These days, Ezagui gets invited to numerous events and Jewish product launches: she’s received free clothes thanks to collaborations with local retailers; tickets to see the off-Broadway play “The Wanderers” in exchange for an ad on her account, as well as discounts at the well-known Shani Wigs store in Brooklyn. Ezagui, who collaborates with both Jewish and non-Jewish influencers, said she’s often recognized as she goes about her day-to-day life.
Ezagui, who is Hasidic and whose four daughters range in age from 18 months to 9 years old, began her account as a way to share tips on the best ways to safely and comfortably hold a baby using woven wraps. But that all changed in late January 2022, when comedian and “The View” host Whoopi Goldberg said on air that “the Holocaust isn’t about race.”
As the granddaughter of Holocaust survivors, Ezagui said she questioned how someone with as much of a platform as Goldberg had such a lack of understanding about the Holocaust — so she decided to speak up and create a video that debunked Goldberg’s claims.
“I really had a long, hard think about whether I wanted to come out as being openly Jewish online because I was really scared of hatred and antisemitism because it’s so easy for people to do that online because they can just be a blank profile or screen,” Ezagui explained of why she was initially skeptical to post. “I never hide the fact that I’m Jewish, but I was not a social media personality … I share things personally but not with the world.”
Ezagui made her first explainer video in February 2022, breaking down why the Holocaust was an attempt to eliminate the Jewish people because the Nazis viewed them as a lesser race. “I feel like I have an obligation as a Jewish woman,” she said in the three-minute clip. “As the granddaughter of not one, but two, Holocaust survivors, I feel like my voice needs to be heard.”
“The Nazi movement wanted to eradicate Jewish people from the world. They saw us as subhuman, they saw us as inferior, something that the world needed cleansing of,” she added. “If you read the Nuremberg Laws, they refer to us as the Jewish race. They racialized us, they slapped stars on our arms, put us in concentration camps, sent us to gas chambers because we were Jewish — our whiteness didn’t save us.”

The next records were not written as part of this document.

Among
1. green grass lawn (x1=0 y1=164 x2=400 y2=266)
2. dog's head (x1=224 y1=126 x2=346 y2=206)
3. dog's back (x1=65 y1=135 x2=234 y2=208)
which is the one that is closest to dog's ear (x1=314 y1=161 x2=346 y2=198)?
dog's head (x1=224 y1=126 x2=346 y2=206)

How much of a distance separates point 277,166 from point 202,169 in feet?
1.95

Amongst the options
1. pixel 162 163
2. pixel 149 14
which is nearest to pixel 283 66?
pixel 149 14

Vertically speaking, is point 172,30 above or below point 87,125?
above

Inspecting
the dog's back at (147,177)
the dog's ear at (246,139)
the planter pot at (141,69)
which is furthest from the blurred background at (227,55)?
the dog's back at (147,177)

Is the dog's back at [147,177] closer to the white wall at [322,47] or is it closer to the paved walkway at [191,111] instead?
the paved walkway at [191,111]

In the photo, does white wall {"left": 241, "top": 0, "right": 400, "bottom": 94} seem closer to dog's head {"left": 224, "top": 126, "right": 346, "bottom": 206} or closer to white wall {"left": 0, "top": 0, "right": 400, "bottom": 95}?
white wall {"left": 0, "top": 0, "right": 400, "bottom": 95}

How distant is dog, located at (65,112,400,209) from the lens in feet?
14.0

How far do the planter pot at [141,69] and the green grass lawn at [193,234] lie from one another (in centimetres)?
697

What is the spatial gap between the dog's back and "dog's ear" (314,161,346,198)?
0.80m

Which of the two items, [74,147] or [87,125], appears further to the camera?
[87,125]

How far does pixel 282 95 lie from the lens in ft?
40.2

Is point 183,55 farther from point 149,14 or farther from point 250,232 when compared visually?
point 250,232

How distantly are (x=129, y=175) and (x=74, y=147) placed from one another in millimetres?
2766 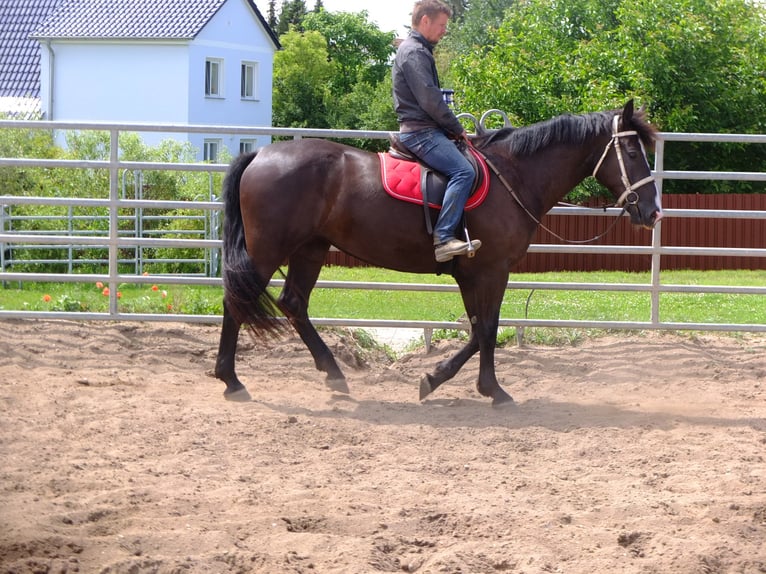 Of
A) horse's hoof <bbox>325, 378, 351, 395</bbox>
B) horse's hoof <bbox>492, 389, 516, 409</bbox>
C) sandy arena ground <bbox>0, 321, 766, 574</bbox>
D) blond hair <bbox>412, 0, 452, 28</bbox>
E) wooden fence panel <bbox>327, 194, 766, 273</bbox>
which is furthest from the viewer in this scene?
wooden fence panel <bbox>327, 194, 766, 273</bbox>

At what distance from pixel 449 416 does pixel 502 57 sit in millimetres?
19734

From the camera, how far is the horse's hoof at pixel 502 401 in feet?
22.0

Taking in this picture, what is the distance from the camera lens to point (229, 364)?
22.4 ft

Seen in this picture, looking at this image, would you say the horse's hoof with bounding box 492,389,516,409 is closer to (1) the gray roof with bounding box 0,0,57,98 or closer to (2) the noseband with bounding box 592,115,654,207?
(2) the noseband with bounding box 592,115,654,207

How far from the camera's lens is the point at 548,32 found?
25438mm

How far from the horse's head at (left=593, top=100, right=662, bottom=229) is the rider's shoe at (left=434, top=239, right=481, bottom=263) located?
1.02 meters

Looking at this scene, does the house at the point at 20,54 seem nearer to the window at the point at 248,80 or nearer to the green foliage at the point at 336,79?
the window at the point at 248,80

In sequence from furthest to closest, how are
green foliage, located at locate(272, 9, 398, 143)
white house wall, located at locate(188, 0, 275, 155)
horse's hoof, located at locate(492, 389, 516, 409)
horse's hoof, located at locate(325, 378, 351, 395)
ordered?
green foliage, located at locate(272, 9, 398, 143) < white house wall, located at locate(188, 0, 275, 155) < horse's hoof, located at locate(325, 378, 351, 395) < horse's hoof, located at locate(492, 389, 516, 409)

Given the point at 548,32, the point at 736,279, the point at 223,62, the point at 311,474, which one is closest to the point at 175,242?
the point at 311,474

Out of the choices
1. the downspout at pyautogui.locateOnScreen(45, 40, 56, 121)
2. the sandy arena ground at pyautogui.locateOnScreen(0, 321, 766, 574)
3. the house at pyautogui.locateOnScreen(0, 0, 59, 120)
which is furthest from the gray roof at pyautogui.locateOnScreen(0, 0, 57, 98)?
the sandy arena ground at pyautogui.locateOnScreen(0, 321, 766, 574)

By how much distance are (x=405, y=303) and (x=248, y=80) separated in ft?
109

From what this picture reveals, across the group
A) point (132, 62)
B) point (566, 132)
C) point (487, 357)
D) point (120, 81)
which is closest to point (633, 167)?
point (566, 132)

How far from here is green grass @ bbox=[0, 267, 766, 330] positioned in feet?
30.3

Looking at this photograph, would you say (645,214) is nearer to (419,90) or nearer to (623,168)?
(623,168) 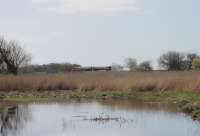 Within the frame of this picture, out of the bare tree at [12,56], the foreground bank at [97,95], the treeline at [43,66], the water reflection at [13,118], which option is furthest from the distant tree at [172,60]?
the water reflection at [13,118]

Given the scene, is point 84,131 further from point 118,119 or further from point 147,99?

Though the video got positive feedback from her followers, the video only received around 350 likes. But her account started attracting a large following in April 2022, when she featured her grandmother, Lilly Malnik, who discussed her memories of the Holocaust. The video, titled “Meet my Bubby,” racked up over 30,000 likes.
In the next four months, several of Ezagui’s videos began to rack up anywhere from tens of thousands to millions of likes and views. In one particular TikTok from June 2022, Malnik discusses how she lost her menstrual cycle while in Auschwitz. The clip garnered 3.1 million likes and 23.4 million views.
Along the way, Ezagui began producing more Judaism-focused content. Within two months of her first Jewish video, half of Ezagui’s content had become talking about the Jewishness of her day-to-day life. These days, she posts a mix of storytimes (a popular type of TikTok video in which creators recount a story about their lives), explainer videos on Orthodox customs and scenes from her days as a mom and nurse.
“It’s a lot about multitasking or it’s a lot about me just filming my everyday life,” she added, explaining how she manages to fit between one and four hours of filming each day, except on Shabbat. “You know, ‘OK, I’m making some chicken matzah ball soup. Let’s take out the camera.’”
It’s a mixture that’s clearly working for her. Fans say that it’s Ezagui’s authenticity — her children are often yelling in the background, for example — is what sets her apart. “I like Miriam so much because I feel like she embodies the idea of an influencer staying true to themselves,” said Alyssa Cruz,19, of Toledo, Ohio. “She does not apologize for living her life a certain way, but she also handles hate and criticism with grace and respect. You can tell her what her true intentions are, and she never tries to be anyone but herself.”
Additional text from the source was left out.